Yeah, in cases where this is an issue I just drop the last character every time. But I’ve never worried much about string file speed because I only ever do it once and I never have massive files. But I did once have a case where I was reading in a file, editing it, and then re-saving it and I had to deal with the trailing \n.

Obviously this method has some theoretical limitations to size, but you could set some kind of size limit where if size > limit, choose the buffered approach.

At least it’s fast.


public final static String readFile(String fileName) throws IOException {
	File f = new File(fileName);
	FileInputStream fstream = new FileInputStream(f);
	byte[] bytes = new byte[(int) f.length()];
	fstream.read(bytes);
	fstream.close();
	return new String(bytes);
}


I hadn’t thought this would be viable for small files, but it actually performs very well. And the list goes on and on :wink:

public final static String readFile(String file) throws IOException {
	FileChannel channel = new FileInputStream(new File(file)).getChannel();
	ByteBuffer buffer = ByteBuffer.allocate((int) channel.size());
	channel.read(buffer);
	channel.close();
	return new String(buffer.array());
}

I don’t think it gets much faster than this (when you’re reading large files everythings’ pretty close in speed)

using FileChannel ? nah, when I benchmarked that it was slow
maybe not the slowest but slower than your previous code and the java7 method.

interesting, using java 7 it comes up as slightly faster for larger files and noticeably faster for small files.

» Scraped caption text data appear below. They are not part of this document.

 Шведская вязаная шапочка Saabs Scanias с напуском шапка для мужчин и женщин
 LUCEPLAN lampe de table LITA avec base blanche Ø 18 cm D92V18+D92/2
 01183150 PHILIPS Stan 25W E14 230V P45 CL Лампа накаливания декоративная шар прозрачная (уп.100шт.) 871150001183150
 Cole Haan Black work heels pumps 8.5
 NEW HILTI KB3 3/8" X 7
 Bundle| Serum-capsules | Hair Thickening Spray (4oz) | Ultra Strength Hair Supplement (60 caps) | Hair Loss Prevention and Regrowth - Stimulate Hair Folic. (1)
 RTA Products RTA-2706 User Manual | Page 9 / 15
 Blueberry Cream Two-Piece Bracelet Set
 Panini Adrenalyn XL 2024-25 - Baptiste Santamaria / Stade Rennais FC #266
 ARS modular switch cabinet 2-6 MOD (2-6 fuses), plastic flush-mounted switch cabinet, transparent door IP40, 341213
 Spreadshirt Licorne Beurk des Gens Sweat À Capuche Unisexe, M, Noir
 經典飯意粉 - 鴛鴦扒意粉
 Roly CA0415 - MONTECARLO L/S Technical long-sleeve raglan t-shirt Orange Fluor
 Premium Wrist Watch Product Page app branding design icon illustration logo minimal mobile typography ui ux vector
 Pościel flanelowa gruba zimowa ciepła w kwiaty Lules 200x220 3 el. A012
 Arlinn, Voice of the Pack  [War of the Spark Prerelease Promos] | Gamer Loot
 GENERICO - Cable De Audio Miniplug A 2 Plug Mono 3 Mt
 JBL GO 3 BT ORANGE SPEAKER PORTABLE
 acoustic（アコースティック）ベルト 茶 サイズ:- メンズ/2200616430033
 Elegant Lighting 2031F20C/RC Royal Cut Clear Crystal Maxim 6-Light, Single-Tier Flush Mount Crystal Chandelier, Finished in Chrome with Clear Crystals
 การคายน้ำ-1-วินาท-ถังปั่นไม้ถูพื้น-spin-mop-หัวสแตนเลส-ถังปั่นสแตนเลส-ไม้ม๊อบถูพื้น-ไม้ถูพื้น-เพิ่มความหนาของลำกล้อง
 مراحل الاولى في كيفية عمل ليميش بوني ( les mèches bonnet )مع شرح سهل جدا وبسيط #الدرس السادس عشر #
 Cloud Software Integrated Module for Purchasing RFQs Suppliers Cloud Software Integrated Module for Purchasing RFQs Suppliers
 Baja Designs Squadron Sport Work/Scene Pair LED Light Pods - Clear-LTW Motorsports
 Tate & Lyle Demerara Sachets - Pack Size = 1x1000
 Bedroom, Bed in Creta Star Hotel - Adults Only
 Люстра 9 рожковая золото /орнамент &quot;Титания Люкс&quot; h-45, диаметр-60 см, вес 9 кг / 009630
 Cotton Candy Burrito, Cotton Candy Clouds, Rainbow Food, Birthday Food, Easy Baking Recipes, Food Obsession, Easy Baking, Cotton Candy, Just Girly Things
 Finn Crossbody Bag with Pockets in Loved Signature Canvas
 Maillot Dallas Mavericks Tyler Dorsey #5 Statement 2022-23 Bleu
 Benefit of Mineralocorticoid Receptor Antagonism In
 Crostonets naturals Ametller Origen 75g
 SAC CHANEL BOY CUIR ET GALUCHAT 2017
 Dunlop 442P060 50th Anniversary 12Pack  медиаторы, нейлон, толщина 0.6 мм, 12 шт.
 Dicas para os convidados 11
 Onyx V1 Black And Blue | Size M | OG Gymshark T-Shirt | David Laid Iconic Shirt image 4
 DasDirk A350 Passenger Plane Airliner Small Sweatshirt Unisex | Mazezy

how are you doing your benchmark? make sure you’re running each method in its own instance of the JVM

long before = System.nanoTime();
    	
    	for (int i=0;i<100;i++)
    	{
    		Util.readFromFile(path);
    	}
    	System.out.println("1: "+((System.nanoTime()-before)/1000L)+"us");
    	
    	
    	before = System.nanoTime();
    	for (int i=0;i<100;i++)
    	{
    		Util.readFileWithChannel(path);
    	}
    	System.out.println("2: "+((System.nanoTime()-before)/1000L)+"us");
    	
    	
    	before = System.nanoTime();
    	for (int i=0;i<100;i++)
    	{
    		Util.readFromFileJava7(path);
    	}
    	System.out.println("3: "+((System.nanoTime()-before)/1000L)+"us");
1: 305061us
2: 1579026us
3: 1476928us

file is 500kb in this run.

You’re making the classic mistake in file performance benchmarking: you forget that the OS will cache any file that was recently read.

For a realistic benchmark, overwrite the file prior to each time you read the file.

In the above benchmark, that means overwriting the file 300 times, otherwise your results are useless.


    	int iterations = 20;
    	long before = System.nanoTime();
    	scrambleFile(path);

    	for (int i=0;i<iterations;i++)
    	{
    		Util.readFromFileJava7(path);
    		scrambleFile(path);
    	}
    	System.out.println("1: "+((System.nanoTime()-before)/1000L/1000L)+"ms");
    	
    	before = System.nanoTime();
    	for (int i=0;i<iterations;i++)
    	{
    		Util.readFileWithChannel(path);
    		scrambleFile(path);
    	}
    	System.out.println("2: "+((System.nanoTime()-before)/1000L/1000L)+"ms");
    	
    	before = System.nanoTime();
    	for (int i=0;i<iterations;i++)
    	{
    		Util.readFromFile(path);
    		scrambleFile(path);
    	}
    	System.out.println("3: "+((System.nanoTime()-before)/1000L/1000L)+"ms\n\n");
    	
    	long r = 0L;
    	for (int i=0;i<iterations;i++)
    	{
    		before = System.nanoTime();
    		scrambleFile(path);
    		r += ((System.nanoTime()-before)/1000L/1000L);
    	}
    	System.out.println("Scramble test average: "+(r/(float)iterations)+"ms");
    	scrambleFile(path);

1: 668ms
2: 614ms
3: 655ms


Scramble test average: 29.45ms

Seems to faster now, although the differences are getting very small here

This is what I wanted to point out: in the end the harddisk is limiting factor, the CPU is mostly idling, so the code is largely irrelevant, unless it’s extremely inefficient.

the difference is more apparent with smaller files (and more iterations)

Yeah, I was just gonna say that. File ops aren’t really that important to optimize. If they work, they are almost always faster than the hard drive unless you completely f*ck up. However it would be interesting if anyone with a fast SSD would do some benchmarks. :stuck_out_tongue:

I think you’re wrong here. By eliminating the hard drive from the benchmark, aren’t you getting more accurate results? We’re benchmarking CPU performance, right? Do the different read methods actually affect the way a hard drive reads files to the point that performance differs noticeably?

If you want to benchmark IO APIs, use a ramdisk :point: